Les relations entre le Mali et l’Algérie, autrefois ancrées dans une histoire de solidarité et de coopération, sont aujourd’hui secouées par des vents de discordance politique. Les relations entre les deux pays sont désormais sur la corde raide.

Le communiqué officiel émanant du gouvernement malien, daté du 25 janvier 2024 et signé par le Ministre d’Etat, Ministre de l’Administration Territoriale et de la Décentralisation, Porte-Parole du Gouvernement, Colonel Abdoulaye Maïga, accuse ouvertement l’Algérie d’ingérence dans les affaires internes du Mali et de compromettre sa sécurité nationale. Cette déclaration, véhémente et sans équivoque, soulève des questions cruciales sur la nature des relations diplomatiques entre ces deux nations voisines et le futur de leur partenariat.

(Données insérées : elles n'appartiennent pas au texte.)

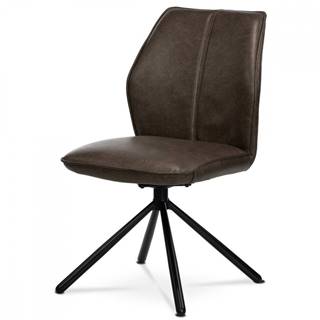AUTRONIC HC-397 BR3 Jedálenská stolička, hnedá látka v dekore vintage kože, kov - černý lak, spätný mechanizmus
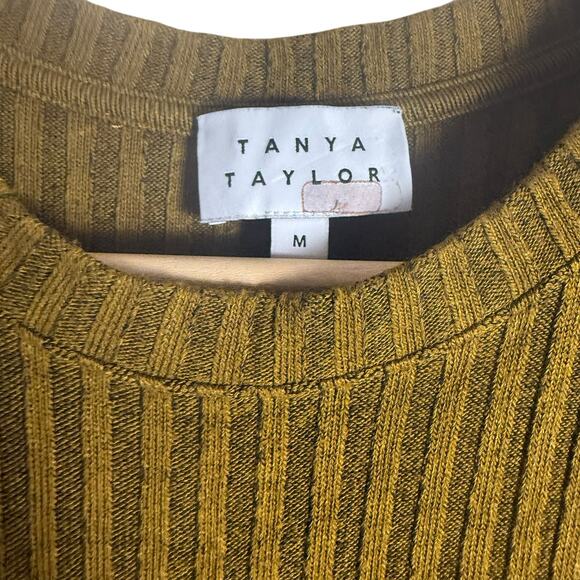 Tanya Taylor Elana Green Brown Ribbed Knit Long Sleeve Knotted Midi Dress Size M - Picture 7 of 16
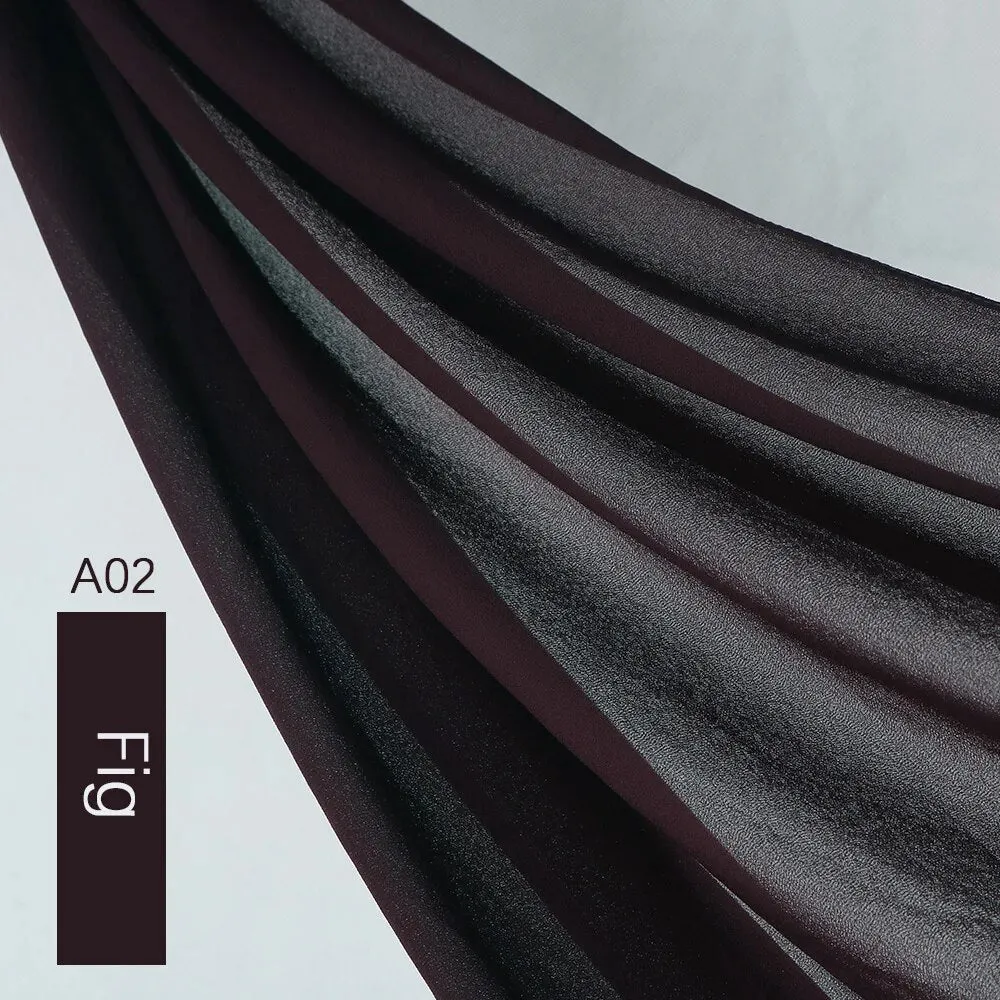 Lightweight Monochrome Chiffon Hijab | Stylish Sun Protection Scarf for Casual Outdoor Wear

Multiples actes d’inimitié

Dans son communiqué, le gouvernement malien liste une série d’actions qu’il qualifie d’inamicales de la part de l’Algérie. Ces actions incluent notamment l’imposition unilatérale d’un délai de transition, l’accueil de citoyens maliens poursuivis pour des actes de terrorisme, et le soutien à des groupes terroristes opérant sur le sol algérien. De plus, les autorités algériennes sont accusées de maintenir des sanctions onusiennes contre le Mali, allant à l’encontre des intérêts maliens.

Mépris diplomatique

Le gouvernement de la Transition du Mali dénonce une perception erronée de la part des autorités algériennes, les accusant de considérer le Mali comme leur arrière-cour. Cette attitude, teintée de mépris et de condescendance, dépeint un tableau inquiétant des relations entre ces deux États. De plus, le Mali critique l’Algérie pour son rôle présumé dans l’insertion d’un chapitre sur le Mali lors d’un sommet international sans consentement malien.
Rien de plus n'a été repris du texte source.